Fig. 1. A Dynamus bit with optimized blade layout for increased stability and higher ROP.
Fig. 1. A Dynamus bit with optimized blade layout for increased stability and higher ROP.

BHGE developed its Dynamus AntiWalk bit technology to deliver better directional control and stay in zone. The design incorporates an engineered gauge pad with a unique stripe that controls side cutting response using lateral depth-of-cut control, Fig. 1. This allows for better tracking to hold azimuth and inclination, resulting in increased ROP and reduced dogleg severity.

The antiwalk bit can be fitted with a wide selection of cutters, making it suitable for a range of rock formations. The Dynamus bit can be fitted with StabilisX cutters to increase ROP and reduce the WOB required for interbedded formations. And ShockWave cutters provide greater ROP and durability, with improved cuttings removal in all applications.

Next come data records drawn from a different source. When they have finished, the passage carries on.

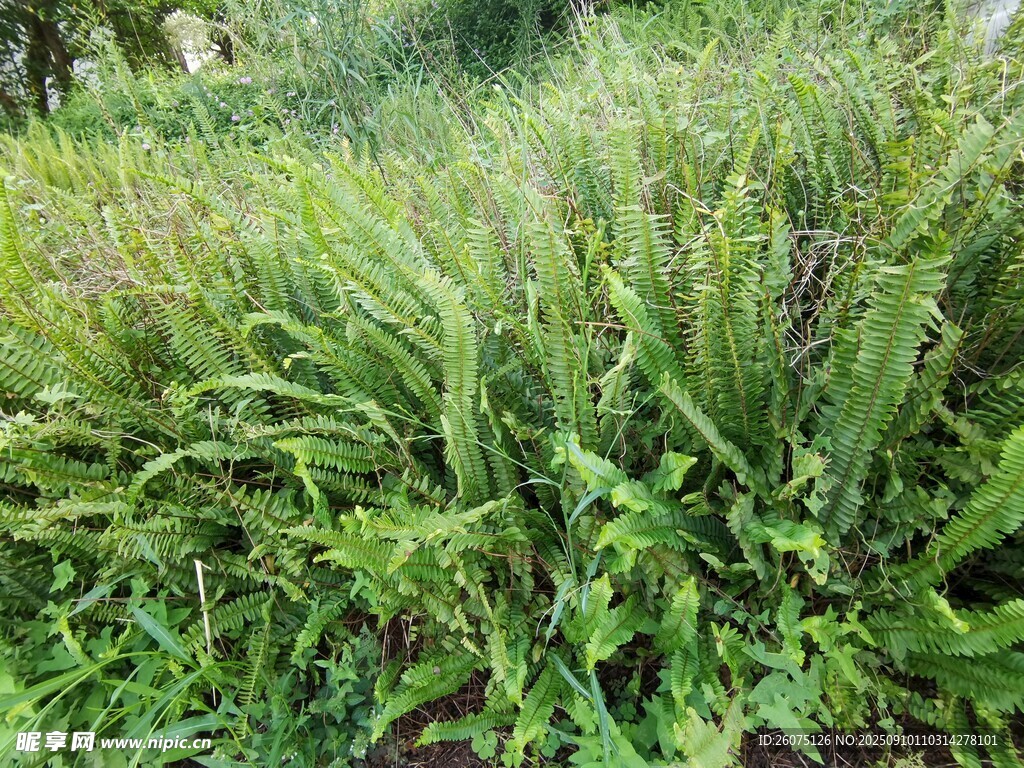 茂盛的綠色植物景觀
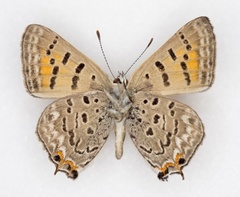 Tharsalea arota schellbachi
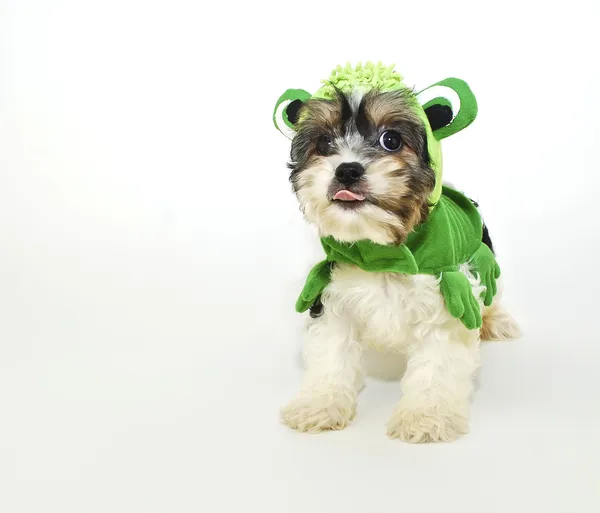 Cavachon Puppy in a Frog Costume — Stock Photo, Image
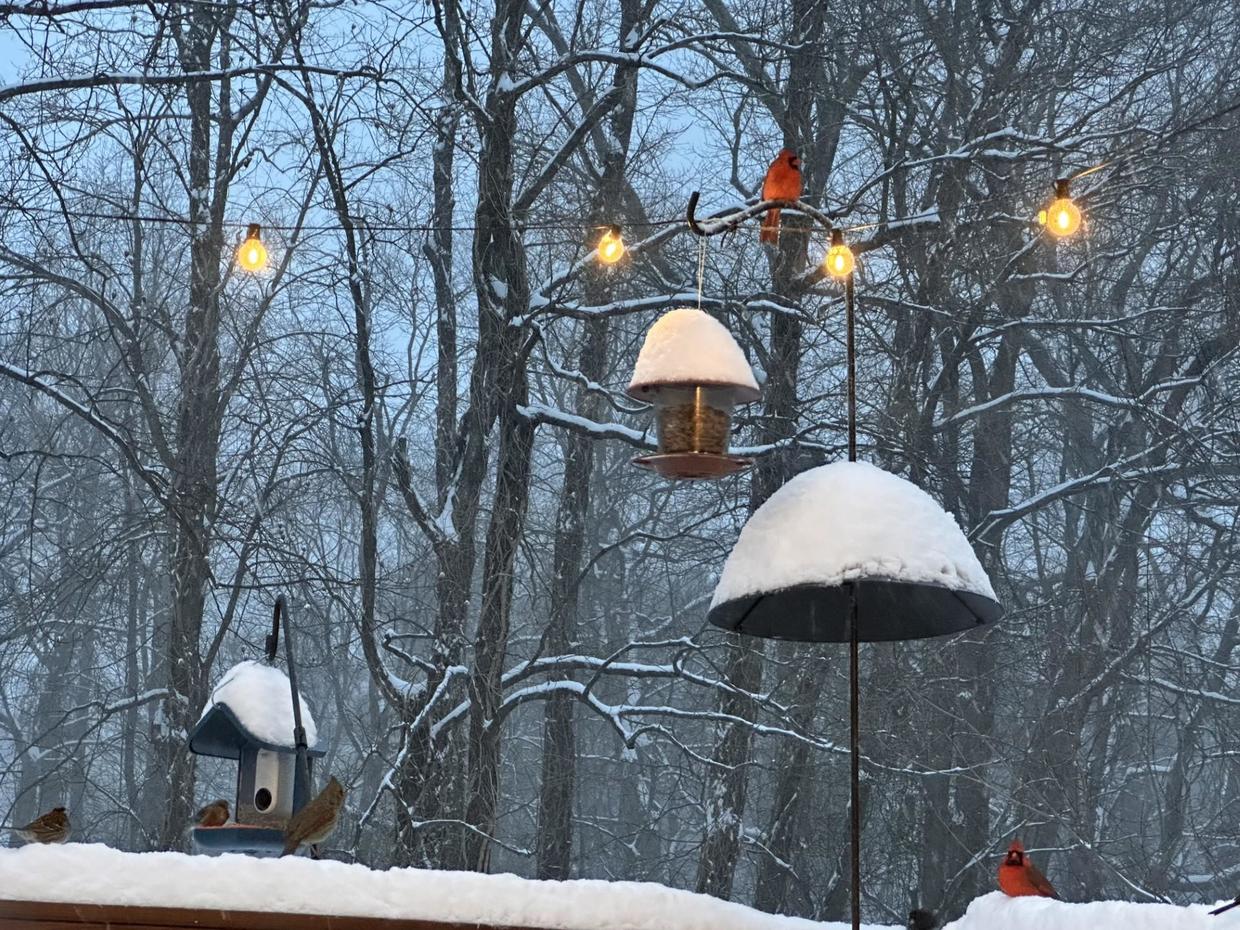 Marylanders experience first major snow storm of the season CBS Baltimore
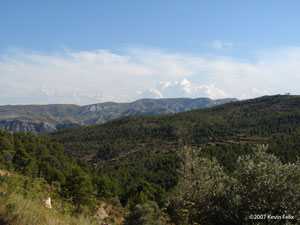 Molinos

In the field, the new bit technology has helped operators reduce rig time by drilling with fewer course corrections that slow time to target depth. In a recent application in the Delaware basin’s Wolfcamp A shale, the antiwalk bit maintained a narrower azimuth compared to a standard drill bit, which translated to a 48% reduction in sliding time, a 33% improvement in ROP, and a savings of 47 hr in drilling time.

Avoiding stick-slip. Drilling interbedded formations can cause torsional vibrations that lead to stick-slip and impact loading. These conditions can damage the bit/BHA and reduce drilling efficiency. BHGE addressed this common challenge with its TerrAdapt feature, the first in the industry to proactively mitigate stick-slip using dynamic DOC control technology.

TerrAdapt’s adjustable feature automatically regulates DOC, based on changes in lithology, with no interaction or control from the surface. When torsional vibrations are first detected, the bit’s DOC elements extend to maintain stability. When vibrations subside, the elements retract to enable maximum ROP.

Case study. An operator working in the Austin Chalk of southeast Texas wanted to use the bit to land and complete an 8½-in. curve and lateral, using one BHA. Previous attempts resulted in a less than 20% success rate, due to inconsistent bit dulling from run to run, which led to erratic bit damage and performance. An 8½-in., six-bladed adaptive bit was used to drill 4,949 ft in 78 hr, resulting in an overall ROP of 63.4 ft/hr. Compared with wells drilled previously, the new bit saved more than 100 hr of drilling time for equivalent footage, contributing to a 150-hr reduction in the time required to complete the interval. In-bit vibration measurements verified that the bit drilled the interval with no stick-slip, and very low vibration.

DATA CAPTURE AT THE BIT

Drill bit design is based on post-run evaluation, and knowledge gained through years of application experience. The data typically used to understand the conditions that the bit encountered while drilling the interval, are taken from the surface, or, at best, above the bit, where vibrations and forces can be dampened.To fully understand what is happening in the bit, data need to be captured as close to the rock-cutting structure interface 
as possible.

To solve this problem, Halliburton introduced the Cerebro electronic data capture system, which provides an unprecedented downhole view during the bit run by capturing vibration and motion data in three axes at 1,000 samples/sec continuously. The large information capture helps identify areas where damage has occurred and enables engineers to identify non-optimal performance. Identifying key limiters helps determine the difference between a bit run that is achieving performance targets and sub-optimal performance. The system also can determine the type of dysfunction, and the source, so that a proper design or parameter resolution can be applied.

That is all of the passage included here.